→ **TASK INSTRUCTIONS**: Among the entries below, extract exactly the lines that run from the one with "Now that we're" through the one with "From beginners to", both ends included.

(Collected data)
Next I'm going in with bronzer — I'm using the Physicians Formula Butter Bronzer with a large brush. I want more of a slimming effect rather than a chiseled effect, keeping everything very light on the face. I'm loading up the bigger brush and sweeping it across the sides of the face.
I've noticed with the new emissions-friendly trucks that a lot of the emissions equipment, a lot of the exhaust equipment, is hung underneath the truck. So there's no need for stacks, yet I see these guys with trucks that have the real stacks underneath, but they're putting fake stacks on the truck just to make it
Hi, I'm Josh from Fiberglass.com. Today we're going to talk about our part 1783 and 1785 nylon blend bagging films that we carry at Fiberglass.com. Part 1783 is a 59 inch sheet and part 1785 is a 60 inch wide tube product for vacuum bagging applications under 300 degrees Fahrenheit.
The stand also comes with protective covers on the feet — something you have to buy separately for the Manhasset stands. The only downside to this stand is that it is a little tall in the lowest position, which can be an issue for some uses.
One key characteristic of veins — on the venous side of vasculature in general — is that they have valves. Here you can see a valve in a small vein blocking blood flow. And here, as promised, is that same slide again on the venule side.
* * *
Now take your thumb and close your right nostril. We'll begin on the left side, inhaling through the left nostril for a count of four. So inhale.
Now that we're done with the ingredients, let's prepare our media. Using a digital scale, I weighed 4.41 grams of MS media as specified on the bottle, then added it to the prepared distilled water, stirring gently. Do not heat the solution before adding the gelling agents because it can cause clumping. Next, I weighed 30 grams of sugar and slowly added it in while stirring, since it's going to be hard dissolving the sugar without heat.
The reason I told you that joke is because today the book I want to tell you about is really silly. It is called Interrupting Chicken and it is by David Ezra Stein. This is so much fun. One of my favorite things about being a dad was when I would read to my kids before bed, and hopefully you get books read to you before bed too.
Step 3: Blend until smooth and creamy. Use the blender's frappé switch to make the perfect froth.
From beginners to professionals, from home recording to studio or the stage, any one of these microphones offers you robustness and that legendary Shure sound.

→ **EXPECTED OUTPUT**:
Now that we're done with the ingredients, let's prepare our media. Using a digital scale, I weighed 4.41 grams of MS media as specified on the bottle, then added it to the prepared distilled water, stirring gently. Do not heat the solution before adding the gelling agents because it can cause clumping. Next, I weighed 30 grams of sugar and slowly added it in while stirring, since it's going to be hard dissolving the sugar without heat.
The reason I told you that joke is because today the book I want to tell you about is really silly. It is called Interrupting Chicken and it is by David Ezra Stein. This is so much fun. One of my favorite things about being a dad was when I would read to my kids before bed, and hopefully you get books read to you before bed too.
Step 3: Blend until smooth and creamy. Use the blender's frappé switch to make the perfect froth.
From beginners to professionals, from home recording to studio or the stage, any one of these microphones offers you robustness and that legendary Shure sound.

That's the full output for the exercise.